Among the free morphemes there are auxiliary elements of analytical forms: verbal elements “do, be, have, will, shall, would, should, may, might” adverbial elements more, most, infinitive particle “to”, articles.
However, there is a tendency with some linguists to recognize as analytical not all such grammatically significant combinations, but only those that are grammatically idiomatic, i.e. whose relevant grammatical meaning is not immediately dependent on the meanings of their component elements taken apart. For example, the form of the verbal perfect where the auxiliary ‘have’ has completely lost its original meaning of possession, is the most standard analytical form in English morphology. But analytical degrees of comparison come very near to free combinations of words by their lack of idiomatism. But ‘beautiful-more beautiful-the most beautiful’ represent the same coordination of grammar meaning within the category as big-bigger-the biggest, so we have to use the approach of gradation of idiomatism here, because the demand of absolute idiomatism here is to strong and contradicts with logical structure.
To tell analytical forms from the phrases several criteria can be used:
- common grammatical meaning is a combination of all the components of the grammar form (auxiliary verb conveys paradigmatic meanings of, for example, number and person, but the general tense, voice and modal meaning is composed only of all the components put together. Each of the components doesn’t have information about the general meaning of the form (must have been sent);
- historically analytical forms originated from syntactic phrases, mainly from certain types of compound predicates. They became analytical forms only when their syntactic relations disappeared.

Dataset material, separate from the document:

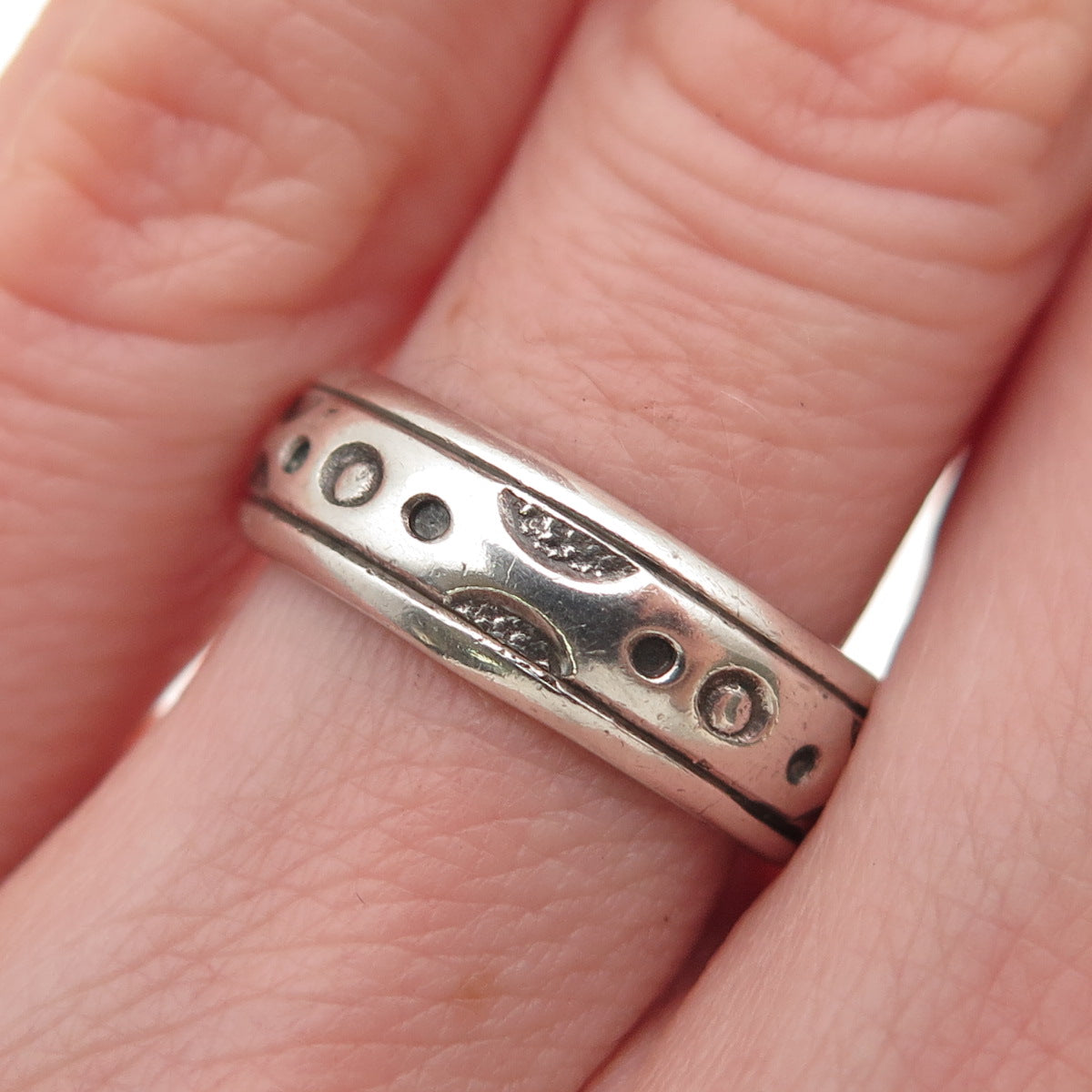 925 Sterling Silver Vintage Modernist Oxidized Band Ring Size 5.5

Syntactic relations with other words in the text are established only by the whole form, parts of it can’t have relations with other words: ‘was driving the car’, the car is an object to the whole of the verb form,’ had often remembered’.
What proves that English is an analytical language? If we compare the number of word-changing affixes with other, analytical means of word-changing in English, we will see, that the biggest part of the grammar forms are made with the help of auxiliary words (auxiliary and modal verbs, prepositions, particles, articles). In a syntactical language, like Russian, the number of auxiliary words is very small (будет, может, должен, более), as compared to a great number of inflections for declension, conjugation etc.
Glossary of Linguistic Terms
1. analytical form – аналитическая форма, составная форма, образованная сочетанием служебного и знаменательного слов
2. free morphemes – свободные морфемы, образующие аналитические формы в качестве служебных слов
3. auxiliary – вспомогательное, служебное слово
4. substantial meaning – основательное значение, самостоятельное лексическое значение
5. idiomatism – семантическая спаянность частей словосочетания, значение которого не выводится из значений отдельных частей
6. compound predicate – сложное сказуемое
7. syntactic relations – синтаксические отношения, между компонетами словосочетания или членами предложения (атрибутивные, объектные и др.)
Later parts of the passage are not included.